• _Captioned web image data_:
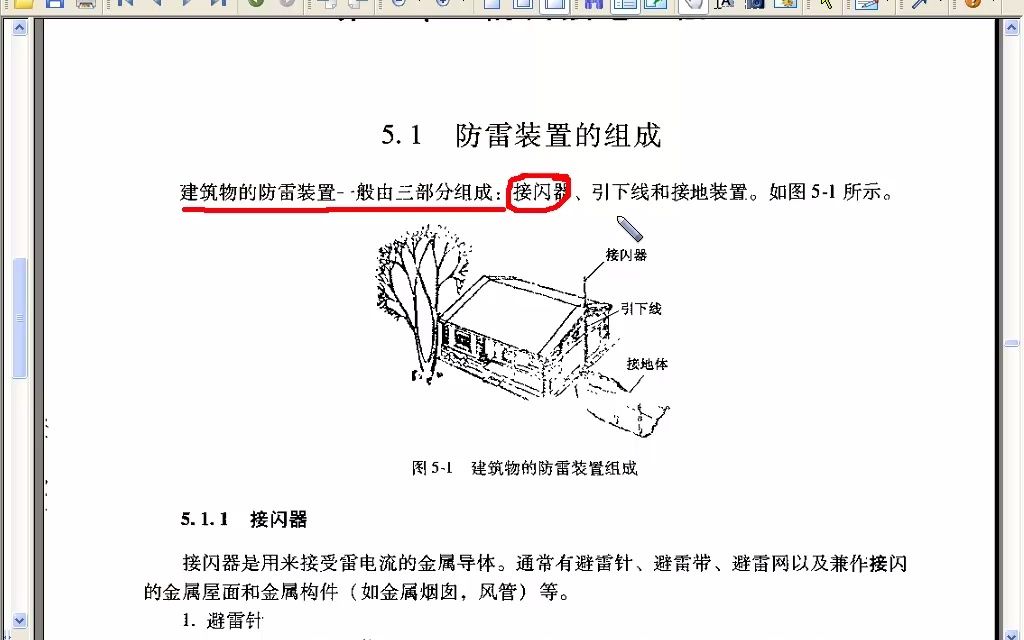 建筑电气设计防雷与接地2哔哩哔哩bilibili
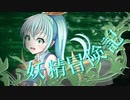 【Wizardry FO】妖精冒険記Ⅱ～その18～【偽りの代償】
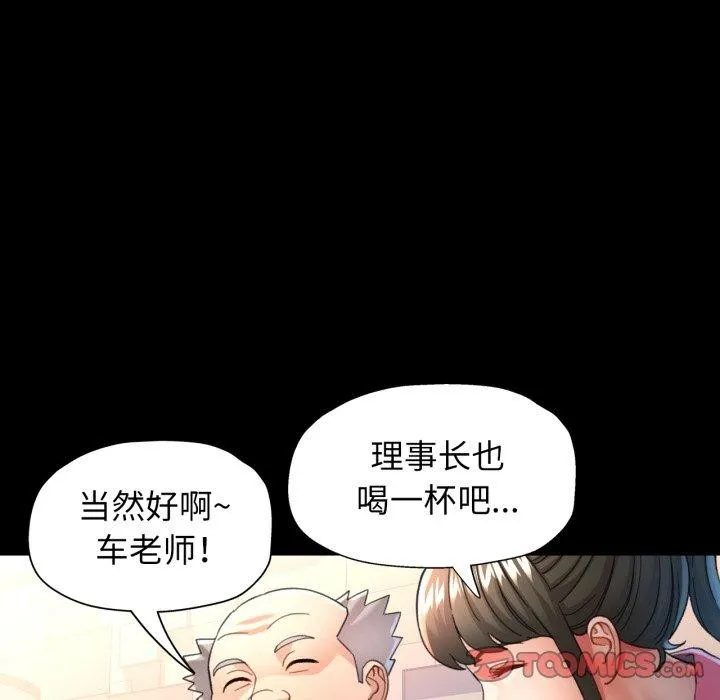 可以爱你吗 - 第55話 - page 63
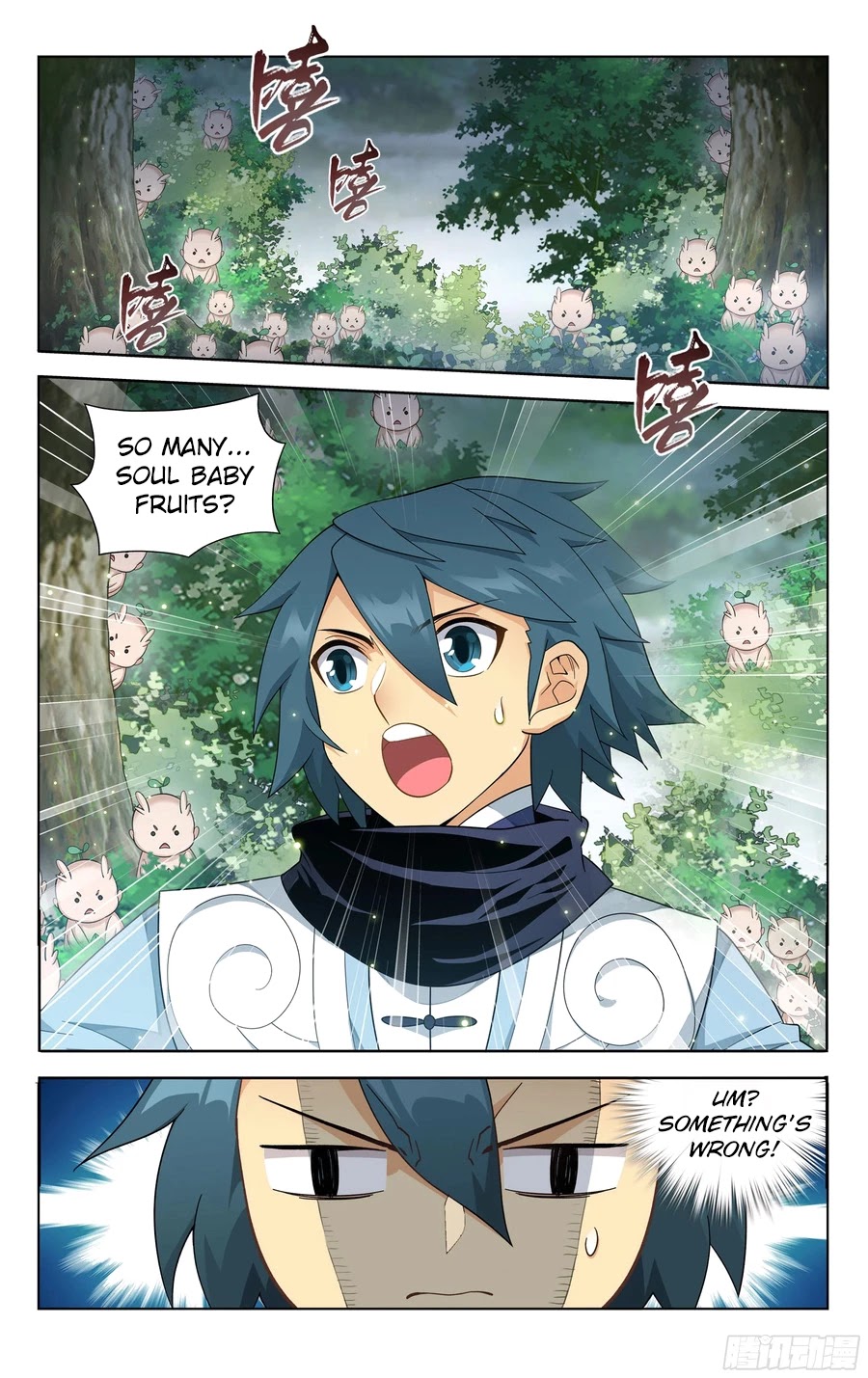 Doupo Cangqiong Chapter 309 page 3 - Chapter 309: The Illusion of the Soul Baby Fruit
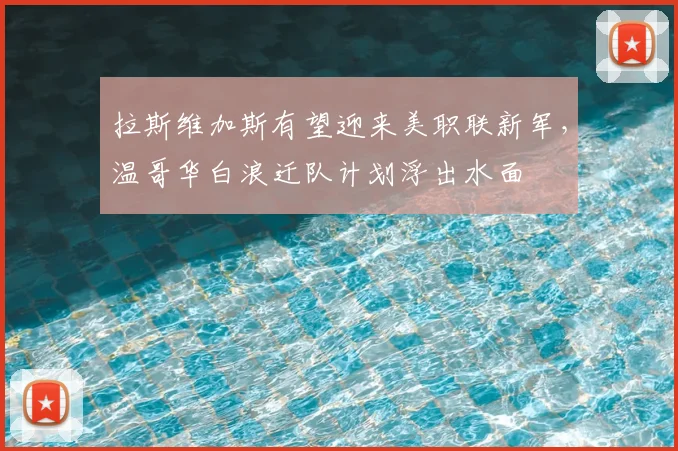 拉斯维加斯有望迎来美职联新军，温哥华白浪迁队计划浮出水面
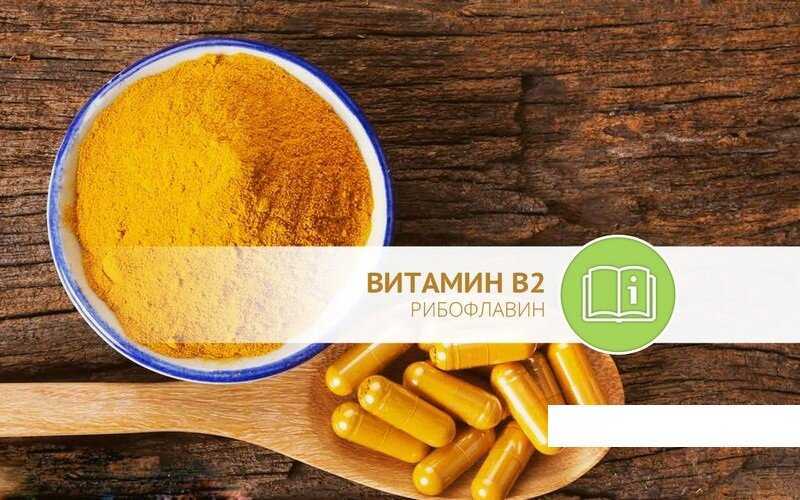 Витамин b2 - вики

• _Activity_: Line by line, retype the records above exactly, minus the images.

• _Written response_:
 建筑电气设计防雷与接地2哔哩哔哩bilibili
 【Wizardry FO】妖精冒険記Ⅱ～その18～【偽りの代償】
 可以爱你吗 - 第55話 - page 63
 Doupo Cangqiong Chapter 309 page 3 - Chapter 309: The Illusion of the Soul Baby Fruit
 拉斯维加斯有望迎来美职联新军，温哥华白浪迁队计划浮出水面
 Витамин b2 - вики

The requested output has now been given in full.